(Work required)
Repeat only the lines from the one containing "Used 2025 Volkswagen Jetta SE FWD image 25" to the final line below, exactly as they read, and leave every picture out.

(Source data)

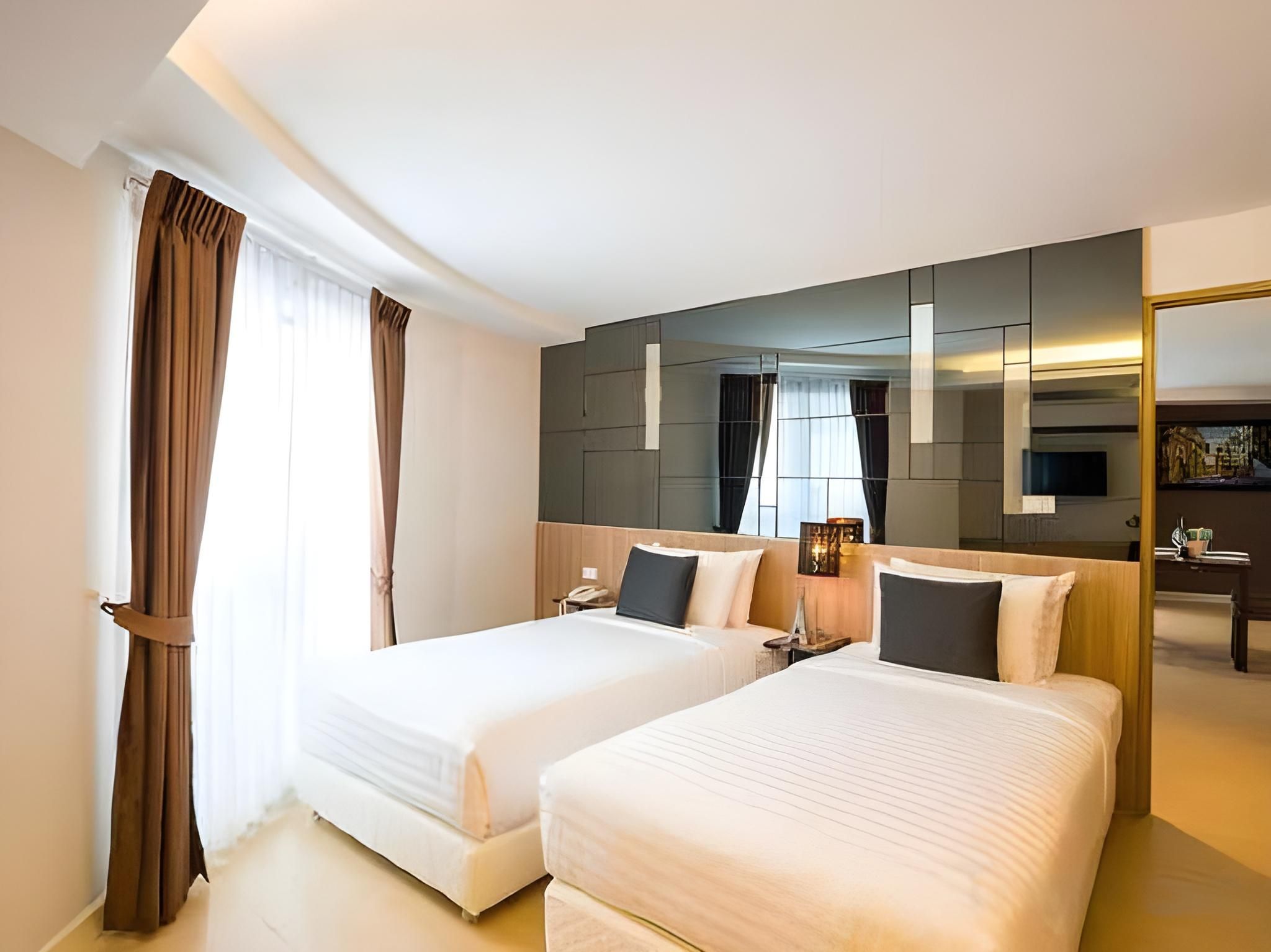 undefined Beyond Suite Hotel 4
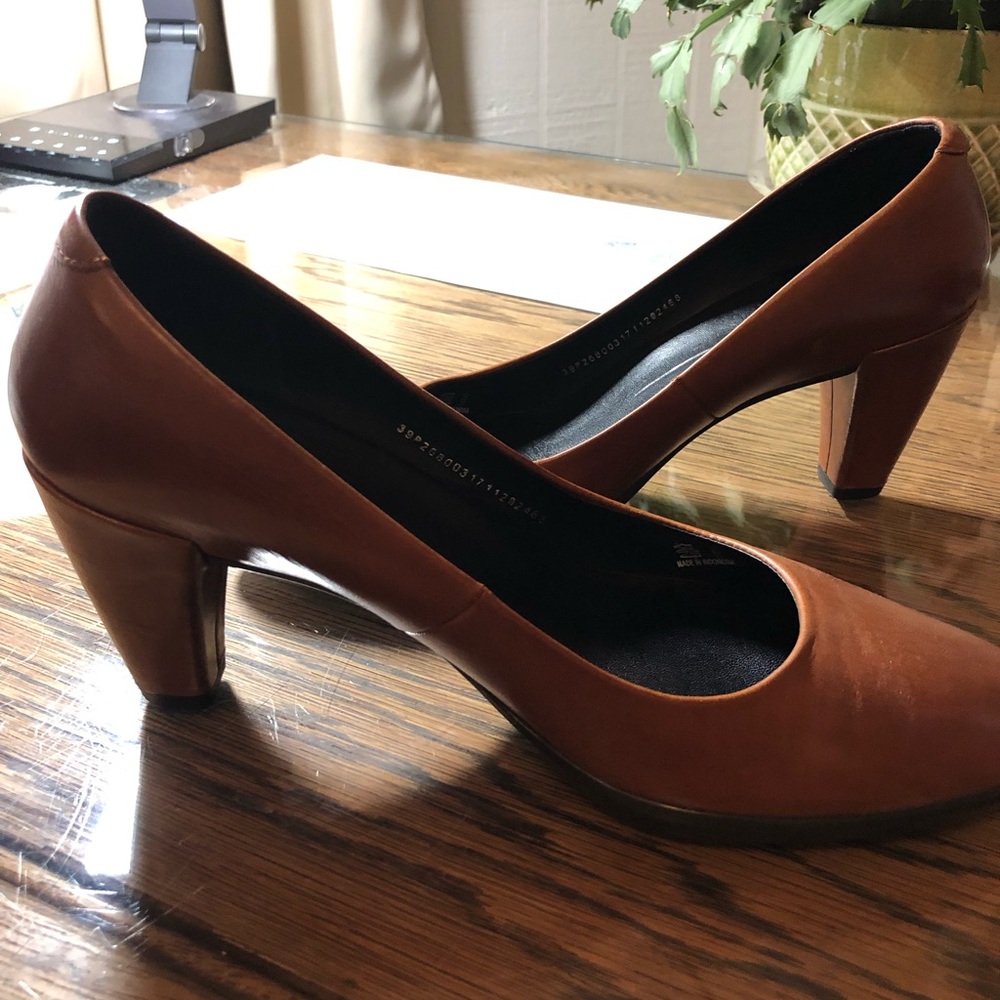 Cognac Ecco heels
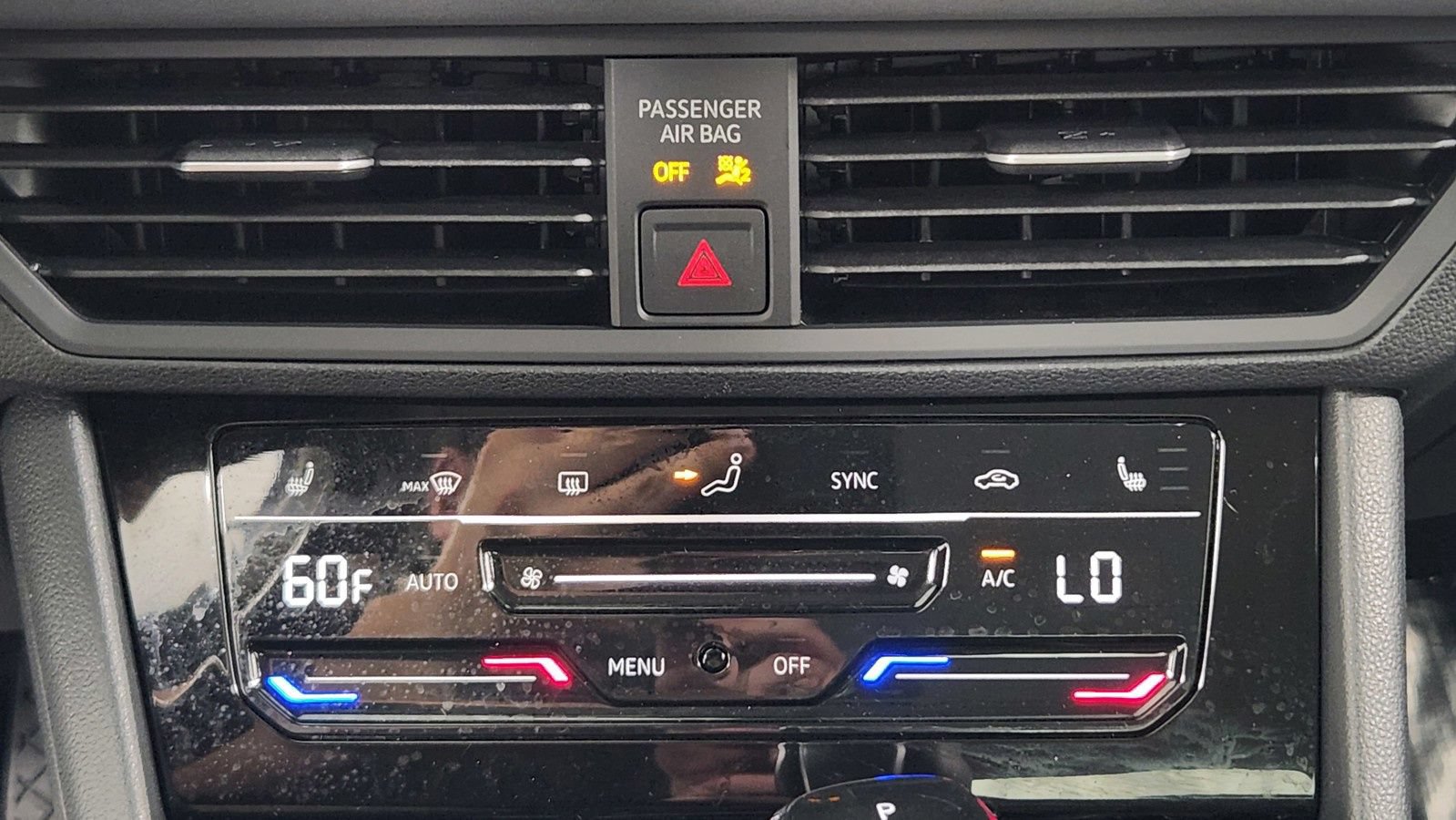 Used 2025 Volkswagen Jetta SE FWD image 25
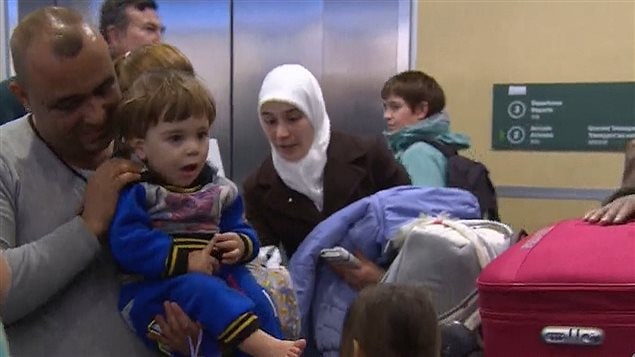 Samer Alragheb, sa femme Amna et leur fils de 18 mois Layth sont des réfugiés syriens installés à Richmond en Colombie-Britannique. Samer Alragheb, sa femme Amna et leur fils de 18 mois Layth sont des réfugiés syriens installés à Richmond en Colombie-Britannique.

(Solution)
 Used 2025 Volkswagen Jetta SE FWD image 25
 Samer Alragheb, sa femme Amna et leur fils de 18 mois Layth sont des réfugiés syriens installés à Richmond en Colombie-Britannique. Samer Alragheb, sa femme Amna et leur fils de 18 mois Layth sont des réfugiés syriens installés à Richmond en Colombie-Britannique.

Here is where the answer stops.